Millennial Men Leave Perplexing Hole in Hot U.S. Job Market
Nathan Butcher is 25 and, like many men his age, he isn’t working.
Nathan Butcher
Source: Handout
Weary of long days earning minimum wage, he quit his job in a pizzeria in June. He wants new employment but won’t take a gig he’ll hate. So for now, the Pittsburgh native and father to young children is living with his mother and training to become an emergency medical technician, hoping to get on the ladder toward a better life.
Ten years after the Great Recession, 25- to 34-year-old men are lagging in the workforce more than any other age and gender demographic. About 500,000 more would be punching the clock today had their employment rate returned to pre-downturn levels. Many, like Butcher, say they’re in training. Others report disability. All are missing out on a hot labor market and crucial years on the job, ones traditionally filled with the promotions and raises that build the foundation for a career.
Participation Problems
Young male participation in October 2018 stood below October 2007 levels
Source: Bureau of Labor Statistics; writer's calculations. Participation rate is people working or looking for a job as share of population.
“At some point, you can have a bit of an effect of a lost generation,” according to David Dorn, an economist at the University of Zurich. “If you get to the point where you’re turning 30, you’ve never held a real job and you don’t have a college education, then it is very hard to recover at that point.”

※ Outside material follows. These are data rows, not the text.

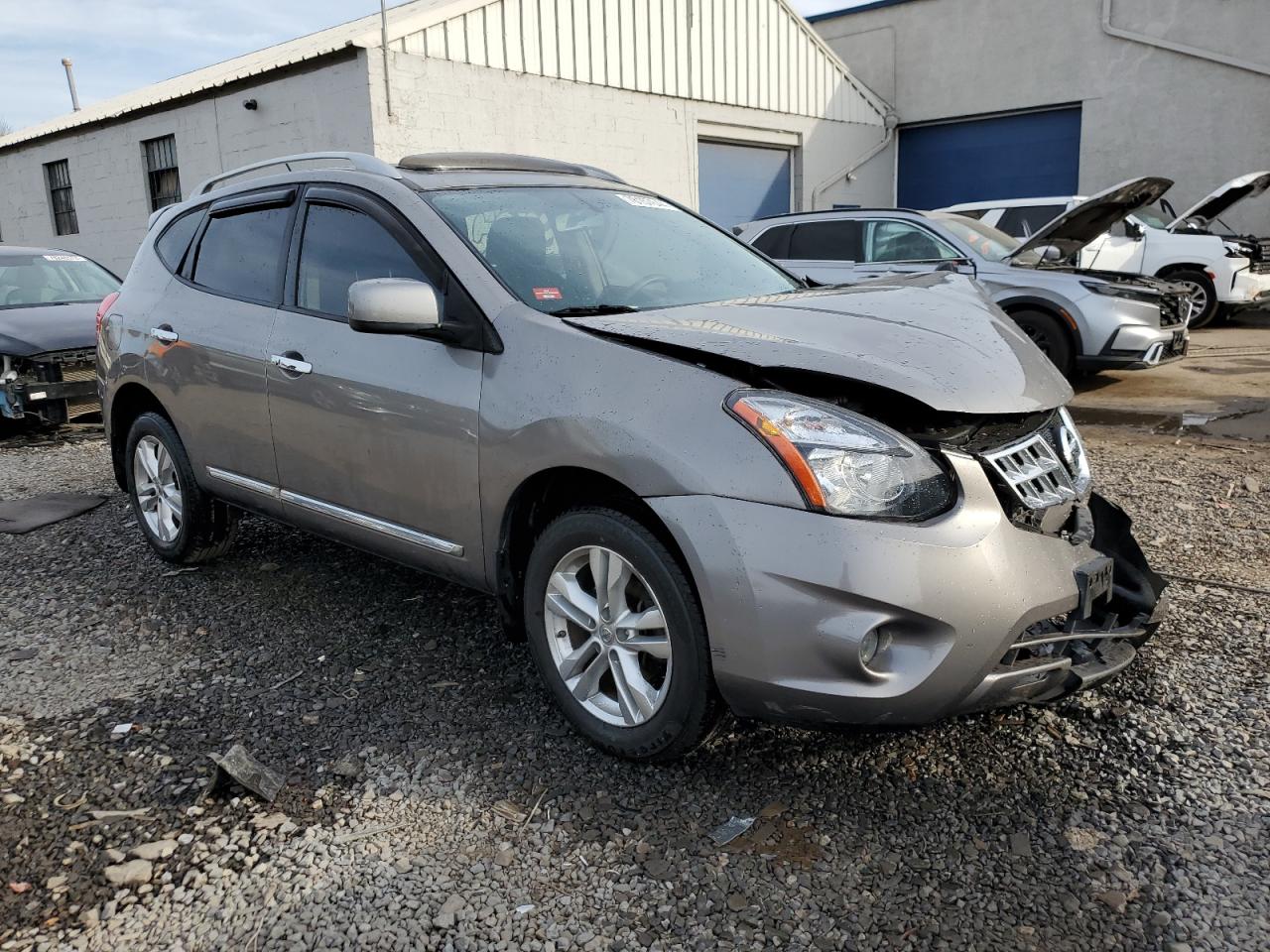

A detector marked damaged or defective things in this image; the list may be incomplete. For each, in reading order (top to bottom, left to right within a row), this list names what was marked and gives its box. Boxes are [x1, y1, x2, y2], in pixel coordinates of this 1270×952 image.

crumpled hood [1005, 175, 1173, 262]
crumpled hood [1168, 171, 1270, 230]
crumpled hood [0, 301, 98, 357]
damaged front bumper [1, 350, 98, 423]
crumpled hood [566, 270, 1072, 416]
damaged front bumper [650, 454, 1163, 731]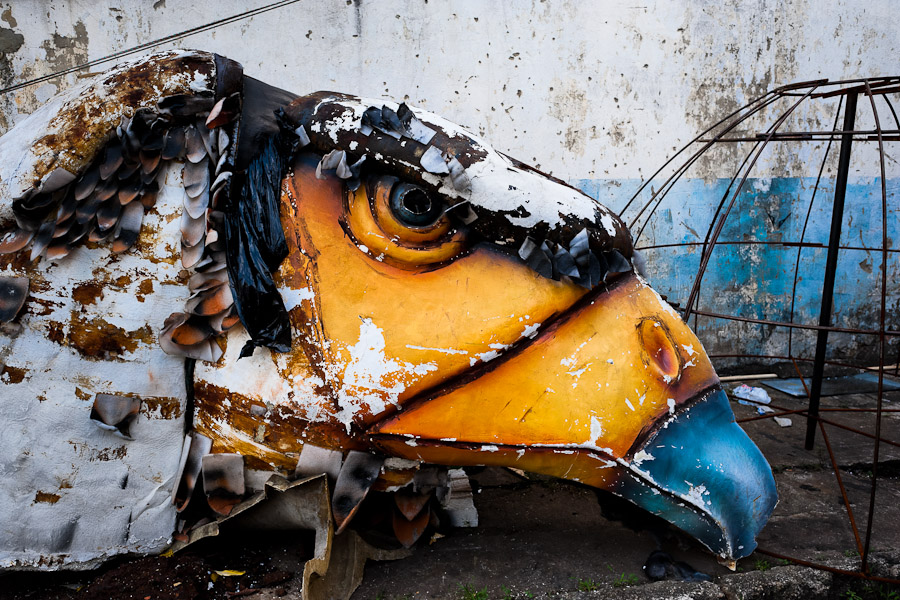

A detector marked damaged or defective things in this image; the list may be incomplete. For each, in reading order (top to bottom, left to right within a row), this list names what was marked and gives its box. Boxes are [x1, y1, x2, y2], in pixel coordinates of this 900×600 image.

peeling paint on sculpture [0, 50, 776, 580]
chipped plaster wall [1, 0, 900, 364]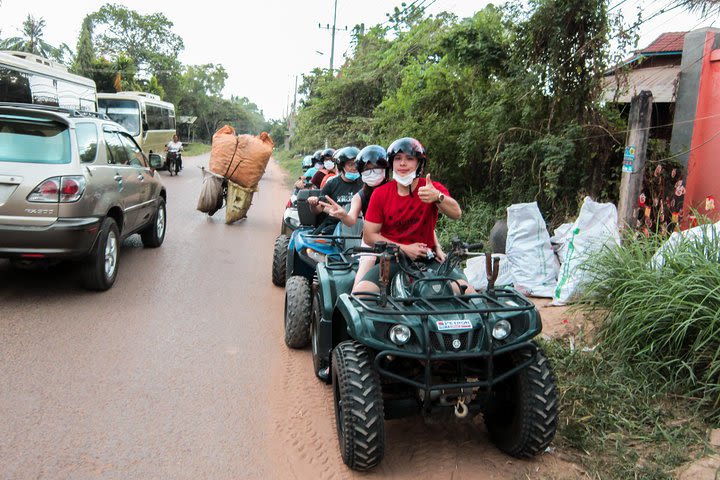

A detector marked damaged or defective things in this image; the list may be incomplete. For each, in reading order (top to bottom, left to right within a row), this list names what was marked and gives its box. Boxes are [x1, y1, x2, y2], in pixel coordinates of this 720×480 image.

rusty metal roof [600, 64, 680, 103]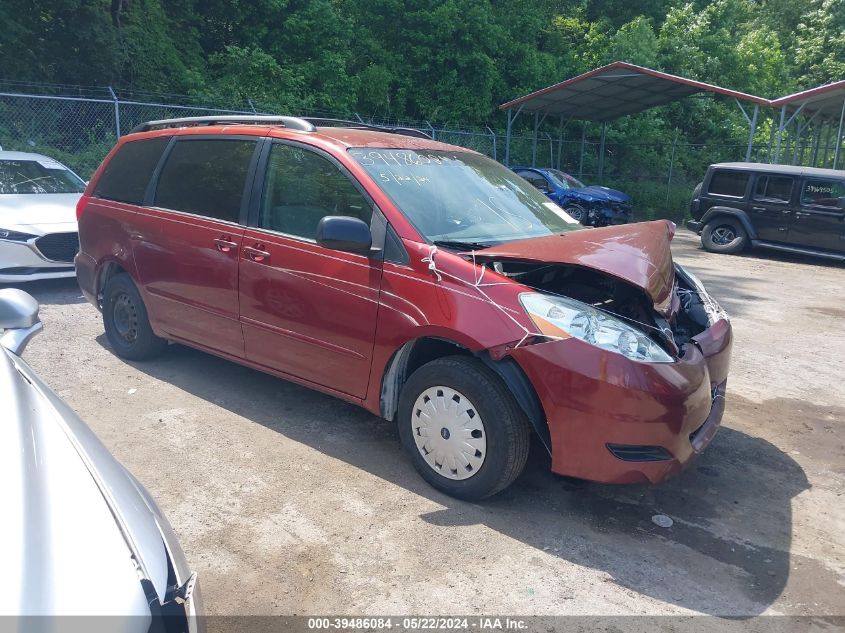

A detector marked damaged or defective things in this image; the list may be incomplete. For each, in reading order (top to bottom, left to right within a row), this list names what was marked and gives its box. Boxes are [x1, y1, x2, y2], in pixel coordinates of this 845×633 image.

damaged red minivan [76, 117, 728, 498]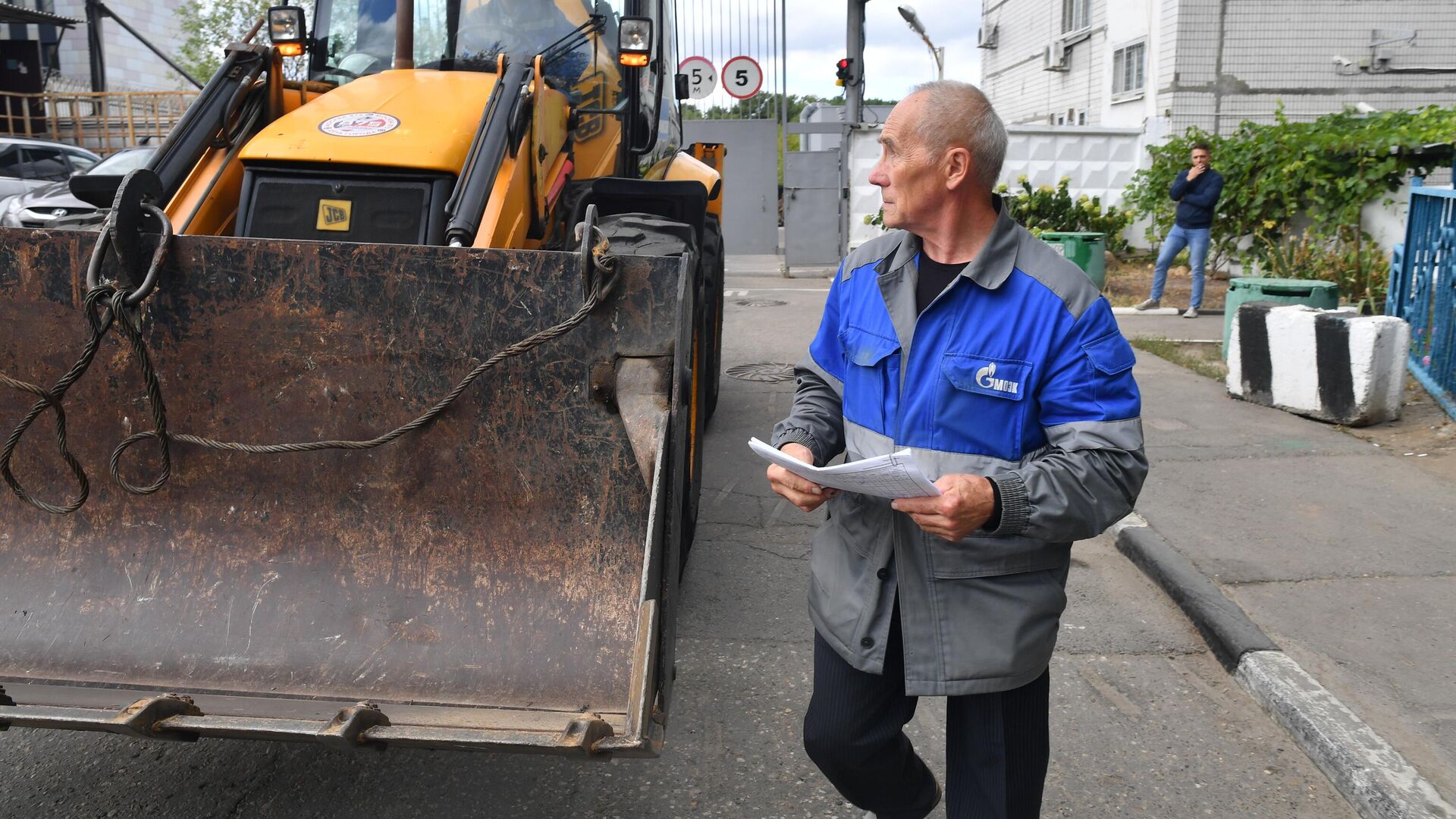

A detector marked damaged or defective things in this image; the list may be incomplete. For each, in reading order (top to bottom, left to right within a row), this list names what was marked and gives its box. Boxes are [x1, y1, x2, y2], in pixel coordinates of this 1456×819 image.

rusty metal bucket [0, 225, 695, 758]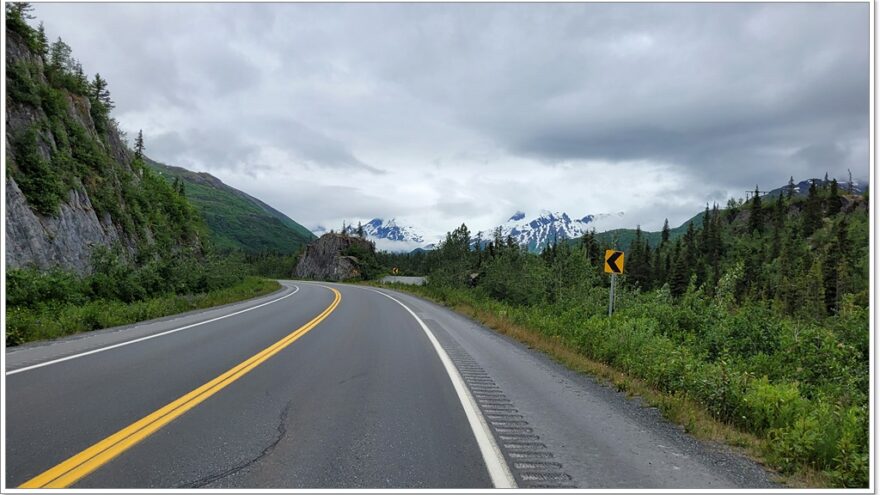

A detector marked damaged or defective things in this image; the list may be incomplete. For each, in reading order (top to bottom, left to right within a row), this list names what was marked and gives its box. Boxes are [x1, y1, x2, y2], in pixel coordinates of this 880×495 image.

crack in asphalt [180, 400, 294, 488]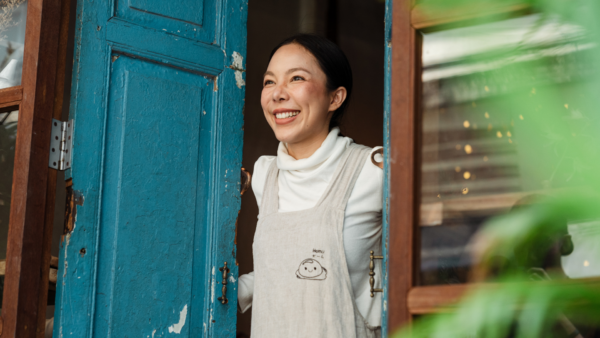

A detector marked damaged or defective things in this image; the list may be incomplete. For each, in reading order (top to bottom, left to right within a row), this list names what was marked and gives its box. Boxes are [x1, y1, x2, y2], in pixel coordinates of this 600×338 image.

chipped paint [168, 304, 186, 334]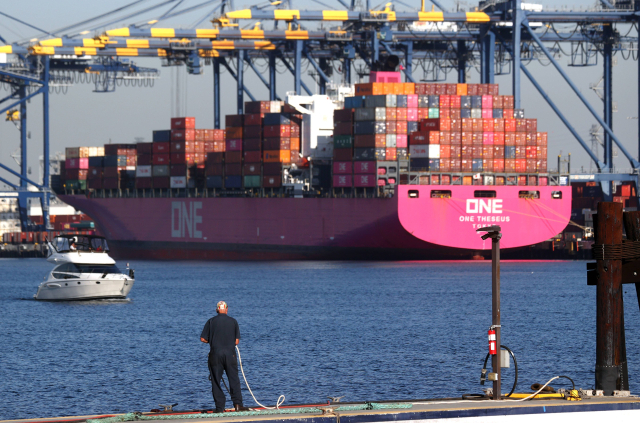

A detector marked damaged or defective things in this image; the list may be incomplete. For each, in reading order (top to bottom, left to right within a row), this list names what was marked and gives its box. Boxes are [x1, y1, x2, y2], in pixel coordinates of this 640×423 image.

Men -- long America’s economically privileged gender -- have been dogged in recent decades by high incarceration and swollen disability rates. They hemorrhaged high-paying jobs after technology and globalization hit manufacturing and mining.
The young ones have fared particularly badly. Many of them exited high school into a world short on middle-skill job opportunities, only to be broadsided by the worst downturn since the Great Depression. Employment plummeted across the board during the 2007 to 2009 recession, and 25- to 34-year-old men fell far behind their slightly-older counterparts.